Cape Krusenstern National Monument, north of Kotzebue on the
Chukchi Sea, was the single 197880 Alaska addition of predominantly
cultural rather than natural significance. Embracing 650,000 acres, it is by far
the largest such area in the park system. One hundred fourteen lateral beach
ridges formed by changing sea levels and wave action display chronological
evidence of 5,000 years of marine mammal hunting by Eskimo peoples. Older
archeological sites are found inland.
The smallest of the new Alaska parks, preserves, and
monuments is Aniakchak National Monument, whose 137,176 acres lie on the harsh
Aleutian Peninsula south of Katmai. It is adjoined by the 465,603-acre Aniakchak
National Preserve. Their central feature is the great Aniakchak Caldera, a
30-square-mile crater of a collapsed volcano. Within the caldera are a cone from
later volcanic activity, lava flows, explosion pits, and Surprise Lake, which is
heated by hot springs and cascades through a rift in the crater wall.
ANILCA also designated 13 wild rivers for NPS administration.

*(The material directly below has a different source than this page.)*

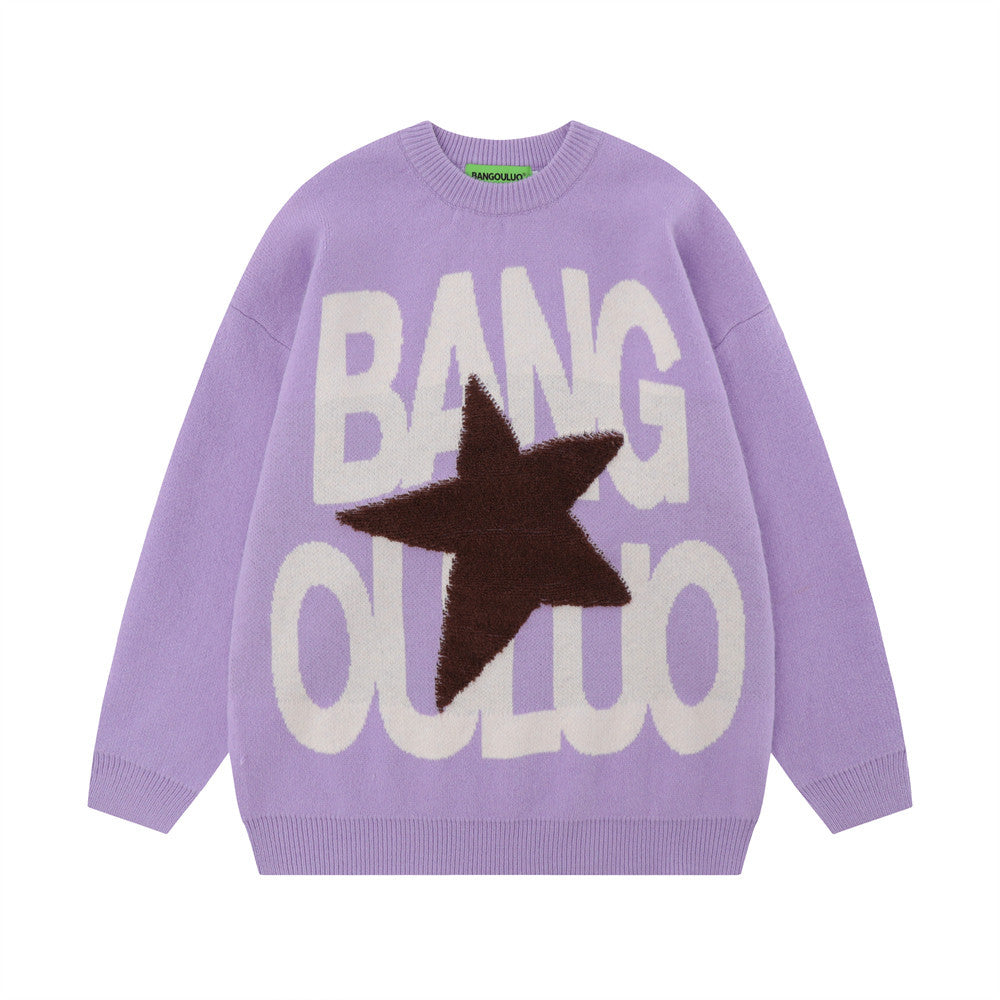 Maglione girocollo con lettera stella a cinque punte americana Hip Hop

Twelve are entirely within parks, monuments, and preserves and are not listed as
discrete park system units. Part of the remaining one, Alagnak Wild River, lies
outside and westward of Katmai, so it is counted separately. It offers salmon
sport fishing and whitewater floating.
Overall, the Alaska park additions are as superlative in
quality as they are in quantitative terms. Although political and economic
arguments were raised against them, there was little argument about the inherent
natural and cultural merits that made the lands so clearly eligible for the
National Park System. They have enriched it immeasurably.